Senhor Presidente, Mesdames et Messieurs, Ilustres Deputados desta Assembleia da República,
É uma honra poder estar aqui hoje, a representar o Parlamento Europeu.
Cet honneur qui m’est fait témoigne de l’engagement du Portugal envers l’Union européenne, ainsi que de son respect pour la démocratie parlementaire européenne et pour les principes fondamentaux de l’Europe. En particulier ici, dans le plus européen des parlements.
C’est merveilleux de revenir au Portugal, ce pays qui représente l’essence même de ce qu’est l’Europe. Je me sens chez moi ici, parmi ces habitants qui incarnent les valeurs de résilience, de solidarité et de vivre-ensemble que l’Europe doit revêtir.
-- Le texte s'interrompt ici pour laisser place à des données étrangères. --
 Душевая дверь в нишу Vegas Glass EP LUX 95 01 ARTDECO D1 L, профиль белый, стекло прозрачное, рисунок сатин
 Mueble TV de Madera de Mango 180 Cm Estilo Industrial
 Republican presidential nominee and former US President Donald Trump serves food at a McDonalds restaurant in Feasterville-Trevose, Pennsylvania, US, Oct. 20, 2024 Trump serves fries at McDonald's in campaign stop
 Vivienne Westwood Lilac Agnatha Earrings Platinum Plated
C’est ça, «l’effet Portugal».
Les défis sont nombreux. Une guerre fait rage sur notre continent à cause de l’invasion illégale de l’Ukraine souveraine par la Russie. Nous avons connu des hausses de prix et des pénuries d’énergie. Trop de personnes peinent encore à boucler leurs fins de mois. Les matières premières se font de plus en plus rares. L’inflation pèse sur la croissance. Nous sommes confrontés à une catastrophe climatique impossible à ignorer, à des défis migratoires qui nécessitent une approche globale au niveau de l’Europe entière et à la fragilité de la reprise économique après la pandémie.
Chers amis, ce ne sont pas tous ces défis que l’on retiendra de notre époque, mais plutôt notre manière de les surmonter. Et je suis fière de la façon dont l’Europe a résisté et continue de résister.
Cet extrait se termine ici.